[Enquête] Le marché des montres connectées cherche à mettre les pendules à l’heure

Publié le 18 mars 2015 par Pnordey @latelier

Alors que la commercialisation de l’Apple Watch approche, le marché des montres intelligentes affiche déjà un certain dynamisme, doublé d’une grande diversité. Ce nouvel arrivant sur le marché annonce-t-il le déclin des monstres ultra-spécialisées au profit des appareils multi-usages ?
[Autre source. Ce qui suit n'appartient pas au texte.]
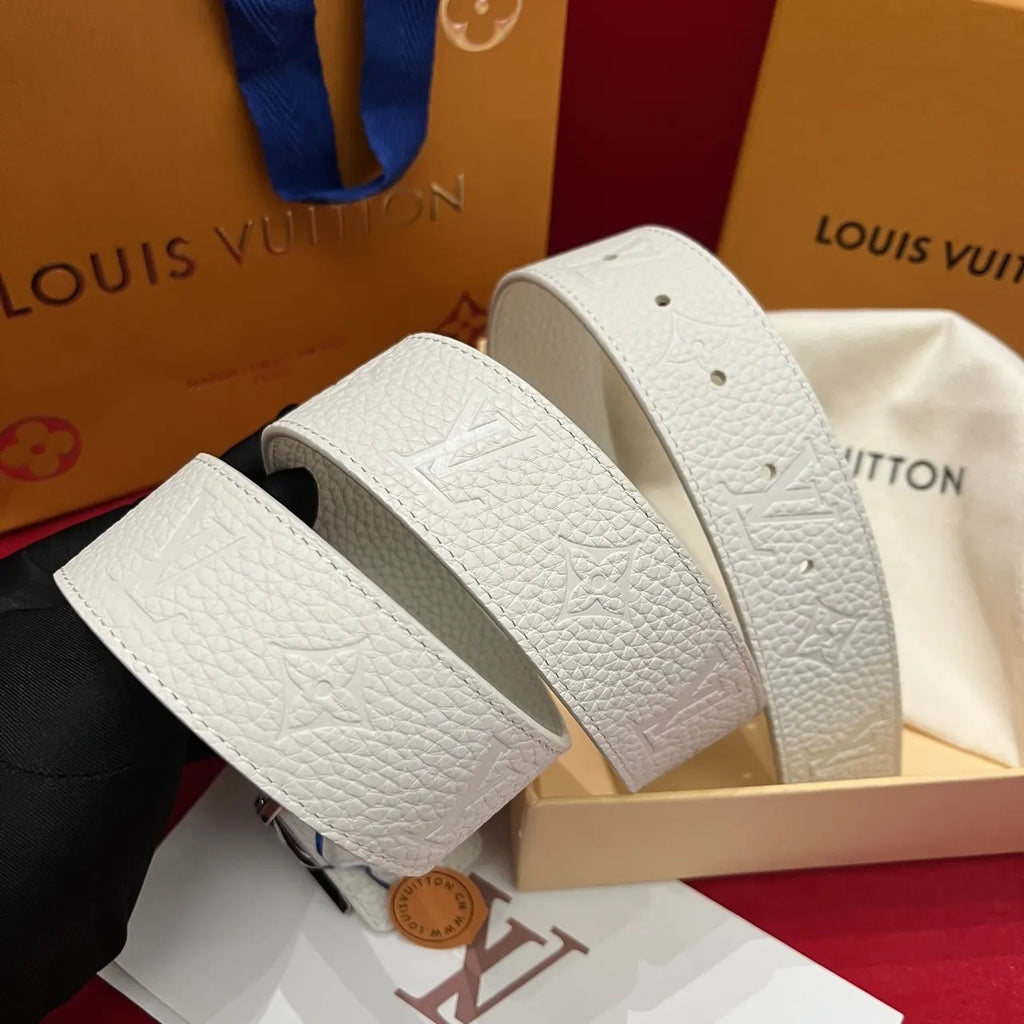 Louis Vuitton White Embossed Belt - Hình 3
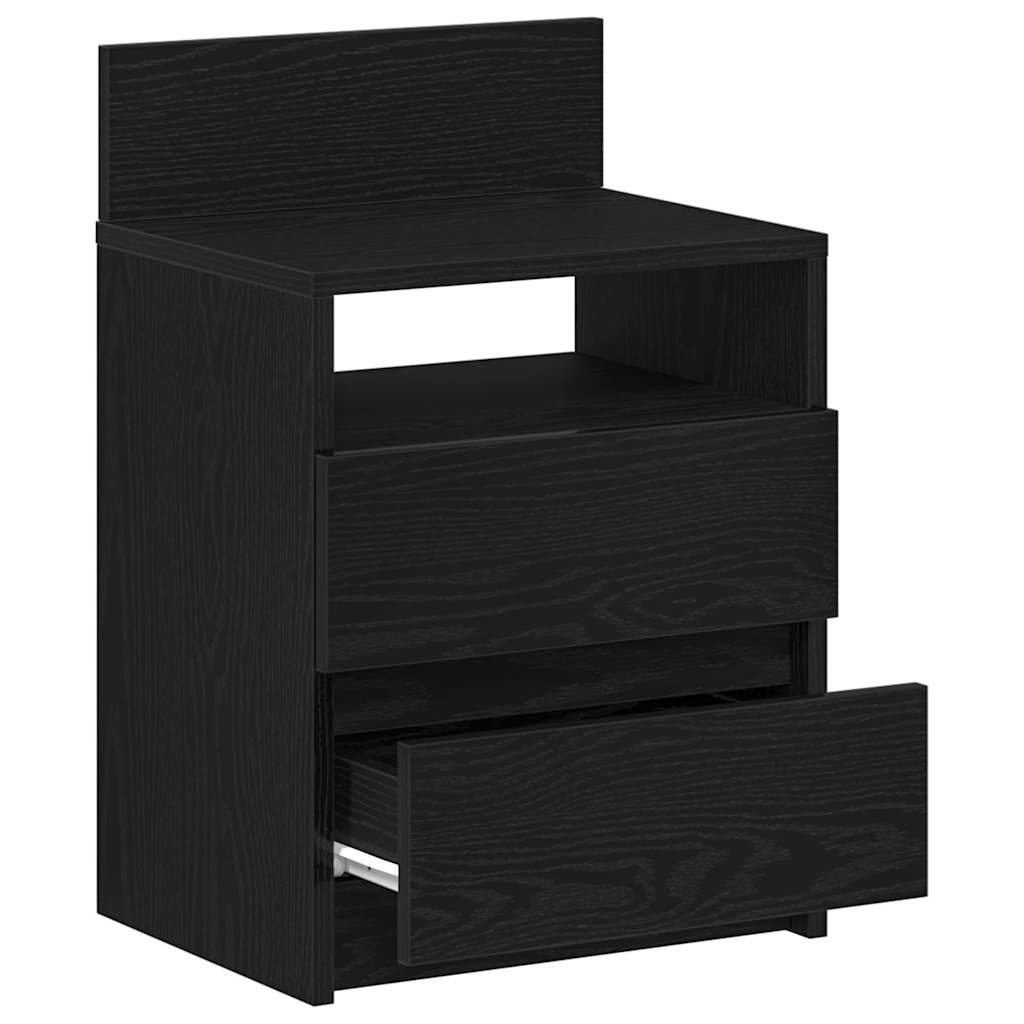Nightstand with 2 Drawers Black 40 x 33 x 60 cm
Après l’Iphone en 2007 et l’Ipad en 2010, Apple va-t-il de nouveau marquer l’essor d’un nouveau marché avec son Apple Watch en 2015 ? Quoiqu’il en soit, les experts s’accordent déjà pour pointer le dynamisme du marché des montres intelligentes, et ce ne sont pas les chiffres qui leur donneront tort. Une quarantaine d’entreprises se sont lancées sur ce créneau dans le monde en 2013, selon le cabinet Smartwatch Group, vendant plus de 3 millions d’unités et engendrant un chiffre d’affaires de 700 millions de dollars. En 2014, le chiffre de montres vendues est passé à 4 millions, et pourrait littéralement exploser en 2015 avec quelques 26 millions d’appareils vendus, selon l’institut GFK. « Il faut s'attendre à des croissances à 2 chiffres pendant 3 à 4 ans. Avec un pic, attendu entre l'année prochaine et l'année suivante » explique Laurent Michaud, chef de la division Loisirs Numériques à l’Idate.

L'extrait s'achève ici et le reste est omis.